BM25F and Pseudo-Relevance Feedback

We are now going to return to the topic of relevance measures for documents.
For lack of time we are largely going to skip over the material in Chapter 8.
Chapter 8 gives the derivation of BM25, which you recall was the following equations for relevance: `S\c\o\r\e_(BM25)(q, d) = sum_(t in q) IDF(t) cdot TF_(BM25)(t,d)`, where
`IDF(t) = log(frac(N)(N_t))`, and
`TF_(BM25) = frac(f_(t,d) \cdot (k_1 +1))(f_(t,d) + k_1 cdot ((1-b) + b cdot(l_d / l_(avg)) ))`
A couple of notions from Chapter 8, I'd still like to briefly mention are BM25F and Pseudo Relevance feedback.
The idea behind BM25F (F is for field weights) is to split documents in our collection into different components. For example, title and body
We then calculate the BM25 score for just the title words; similarly, the BM25 score for just the body texts.
We then take a weighted sum of these two scores. The book gives an example where titles are weight 10, and body's weighted 1. For GOV2, BM25F doesn't perform much better but for the TREC 2006 web tasks, BM25F yields about a 15-20% improvement in the top 10 results.
Pseudo-Relevance feedback is where we perform an initial query and compute the top `m` results. We then use our scoring system to find the terms for which these results are the most relevant up to a term selection value.
We then add these terms to our query and compute our query results based on this expanded query.
The book shows this yields an improvement of about 20% over straight BM25 for P@10 and MAP scores on GOV2.

Modeling Relevance

We now begin our discussion of how to formally model relevance.
The BM25 approach to this is a so-called probabilistic retrieval model; the approach we are going to begin looking at today (divergence-from-randomness) is called a language modeling approach.
The starting point for our derivations is the so-called Probability Ranking Principle:
If an IR system's response to each query is a ranking of the documents in the collection in order of decreasing probability of relevance, the overall effectiveness of the system to its user will be maximized.
To make this into a starting equation for a relevance measure, we ask instead the "Basic Question":
What is the probability that a user will judge this document relevant to this query?
This can be represented as the equations:
`p(R=1 | D=d, Q=q)`
We will often write `r` to mean `R=1` and `bar(r)` to mean `R=0`, just `D` and `Q` for `D=d` and `Q=q`. So we get the shorter to write version of the above:
`p(r | D, Q)` And we have `p(r | D, Q) = 1 - p(bar(r) | D, Q)`.

Log-Odds

Recall Baye's Theorem says `p(A|B) = frac(p(B|A)P(A))(P(B))`.
So we can rewrite our starting equations as:
`p(r | D, Q) = (p(D,Q | r)p(r))/(P(D,Q))` and
`p(bar(r) | D, Q) = (p(D,Q | bar(r))p(bar(r)))/(P(D,Q))`.
It is often convenient to switch from a formulation using probabilities which are between 0 and 1 with 0.5 representing even odds, to a formulation where numbers range between `-infty, infty` with `0` representing even odds.
This is called switching to log-odds and can be done using the transformation:
`logit(p) = log(p/(1-p))`.
This transformation is rank/order-preserving.
Applying it to our equation above gives: `log(frac(p(r|D, Q))(1 - p(r|D,Q))) = log(frac(p(r|D, Q))(p(bar(r)|D,Q)))`
`= log(frac(p(D,Q | r)p(r))(p(D,Q | bar(r))p(bar(r))))`.

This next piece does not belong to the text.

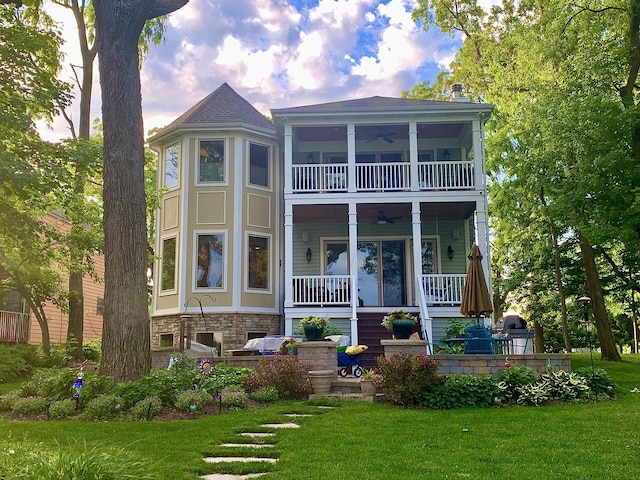 rear view of property featuring a yard, ceiling fan, and a porch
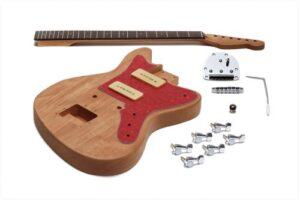 Unfinished offset-style DIY guitar kit with natural wood body, red tortoiseshell pickguard, cream P-90 pickups, separate maple neck, chrome bridge, tremolo arm, and tuning machines laid out on a white background.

Generating Queries from documents

Using conditional probabilities we have `p(D,Q | R) = p(Q|D,R) cdot P(D|R)` and applying Baye's Theorem again gives:
`log(frac(p(r|D, Q))(p(bar(r)|D,Q))) = log(frac(p(D,Q | r)p(r))(p(D,Q | bar(r))p(bar(r))))`
`= log(frac(p(Q | D, r)p(D| r)p(r))(p(Q | D, bar(r))p(D|bar(r))p(bar(r))))`
`= log(frac(p(Q | D, r)p(r |D))(p(Q | D, bar(r))p(bar(r)|D)))`
`= log p(Q | D, r) - log p(Q | D, bar(r)) + log(frac(p(r|D))(p(bar(r) |D)))`
`= log p(Q | D, r) - log p(Q | D, bar(r)) + logit(p(r|D))`
`p(Q | D, r)` represents the probability that the user would enter the query `q` in order to retrieve document `d`
So it makes sense that if a term appears in `d` with a frequency higher than random chance it would be more likely to appear in the query.
Next consider `p(Q | D, bar(r))`. This tells us something about the query based on an example of a document `d` which is not relevant to the user. This doesn't seem to tell us much about `Q` and it is reasonable to assume it is independent of the particular non-relevant document `d`. This implies `p(Q | D, bar(r))` is constant and so we can drop it from our equation and still get a rank equivalent formula: `log p(Q | D, r) + logit(p(r|D))`
If we look at `p(r|D)` it is often assumed to be the same for all documents, so again can be dropped without affecting rankings.
We are thus left with `p(Q | D, r)` and we often just make the conditioning on relevance implicit giving `p(Q|D)`, and so we want to estimate this probability for a particular query `q` and document `d`.
This leads to the viewpoint of taking a document as a model for generating the query `q`.

Languages Models

The simplest document language model is the maximum likelihood model:
`M_d^(ml)(t) = f_(t,d)/l_d`
where `f_(t,d)` is the frequency of the term in the document and `l_d` is the documents length.
For example,
`M_(mbox(Hamlet))^(ml)(\l\o\r\d) = 624/43314 = 1.41%`
`M_(mbox(Macbeth))^(ml)(\l\o\r\d) = 78/26807 = 0.291%`
One drawback for using this as a model of `p(q|d)` is that `d` is just a single example of a relevant document and may not consist of many words, so it might give a poor estimate.
It also assigns `0` probability to all terms not appearing in the document, even though it is possible for a person to making a query involving terms not in say Hamlet.

Smoothing

People usually smooth the maximal likelihood model with a model generated from the collection as a whole:
`M_C(t) = l_t/l_C`
Here `l_t` is the number of occurrence of `t` in the whole corpus.
Two common smoothing techniques are Jelinek Mercer smoothing (linear combination):
`M_d^lambda = (1 - lambda) cdot M_d^(ml)(t) + lambda cdot M_C(t)`
and Dirichlet smoothing (imagine increasing the length of `d` by a factor `mu` according to the underlying corpus):
`M_d^mu(t) = frac(f_(t,d) + mu cdot M_C(t))(l_d + mu)`

Quiz

Which of the following is true?

LLRUN is an example global parametric gap compression technique.
Remerging an inverted index is always faster than rebuilding it.
Hybrid index maintenance and logarithmic merging are two names for the same thing.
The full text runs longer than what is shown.